The things we say and the projects we do are our clips. Taken together, they are our contribution. If you don’t want to be judged by a clip of something you said or did, the path is pretty clear. The best resumé says, “please judge me by my clips.”*
The imagination can create the future only if its products are brought over into the real. The bestowal of work completes the act of imagination.**
I confess I had to look up what a clip is, and I’m guessing it’s this, not these.
There’s the good, the bad and the ugly inside all of us and they make it to the outside in a plethora of ways.
In her recommendations for good writing habits, Lydia Davis encourages observation:
Take notes regularly.^
What should be take notes on?
Observe your own activity […] your own feelings […] the behaviour of others, both animal and human […] the weather, and be specific […] other types of behaviour, including that of municipalities*^
I include these words not because we are all to be writers, but because we need to be better observers of our own lives, not only to see when we are being bad or ugly, and to stop, but when we are being good and don’t notice it so that we can repeat it.
I wonder whether, if what we get to noticing is actually telling us a lot about our energy:
To be fully engaged, we must be physically energised, emotionally connected, mentally focused and spiritually aligned with a purpose beyond our immediate self-interest.^^
The last is the biggy for me because it ensures that the bad and the ugly cannot triumph.
Bringing these thoughts together, notice when you are most energised: what are you doing?, why are you doing it”, who are you doing it with or for? and when are you doing it (i.e., are you starting or finishing something?)?
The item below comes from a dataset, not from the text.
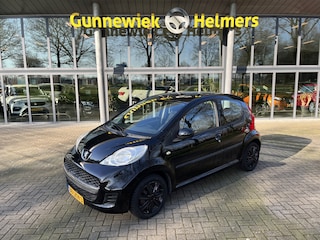 Peugeot 107 1.0-12V XR | 5 DRS | APK TOT '27 + GROTE BEURT UITGEV. | AIRCO | ELEKTR. RAMEN | RADIO CD | MEENEEMPRIJS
Do more of these things and you are likely being your good self, and you’ll also have enough energy to do things you don’t particularly like doing, too.
(*From Seth Godin’s blog: You are your clips.)
(**From Lewis Hyde’s The Gift.)
(^From Literary Hub’s article: Lydia Davis: Ten of My Recommendations for Good Writing Habits.)
(^^From Jim Loehr and Tony Schwartz’s The Power of Full Engagement.)